I invite members to drive into some of the traditional investment suburbs of Canberra, that is, Campbell, Griffith and Narrabundah, particularly La Perouse Street, where they will see investment homes for sale up and down those suburbs. The effect of this tax has been to push a number of small investors into selling because they can gain more by parking their money in a non-productive investment account. Only a few days ago the Real Estate Institute stated that investors comprised 26 per cent of residential sales on the Canberra market.

It is doubly unfortunate for Canberra, where the rental market is so tight and current vacancy levels are less than one per cent, that landlord investment may be impeded in its effect of easing the rental market. That the Follett Government land tax should needlessly antagonise the market is unfortunate. Whilst we concede that there may be some overreaction by investors, we stress that this is not a bullish market. Canberra investors are traditionally cautious and easily put off by target politics.
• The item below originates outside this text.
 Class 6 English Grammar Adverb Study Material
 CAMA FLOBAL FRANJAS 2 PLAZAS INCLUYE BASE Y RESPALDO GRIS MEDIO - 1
The Rally believes that there is nothing innately wrong in a superannuated Territory resident acquiring a second residence as a hedge against inflation and lower indexation of superannuation payments. Generally speaking, Territory landlords are not exploitive, and measures to deal with those who may be were recently introduced in amendments pressed by the Rally and the Alliance in government by way of the creation of the Rental Bond Board and the referral of the landlord and tenancy legislation to the community law reform group. There is, therefore, a strong basis for setting a value limit for the imposition of such a tax. Suggestions are that it be matched to the limit set in New South Wales and/or at a ceiling of $160,000 value.

We leave this proposed repeal amendment on the floor and await moves by both the Government and the Liberal Party to come to terms on this issue. The Rally would be prepared to support reintroduction of a land tax based on a sensible value ceiling, an equitable collection system, and the maintenance of current discretionary rulings by the commissioner for those forced to pay rent by reason of employment outside the Territory, together with the statutory exemption moved by the Rally during passage of the Bill for those on three years and less service abroad.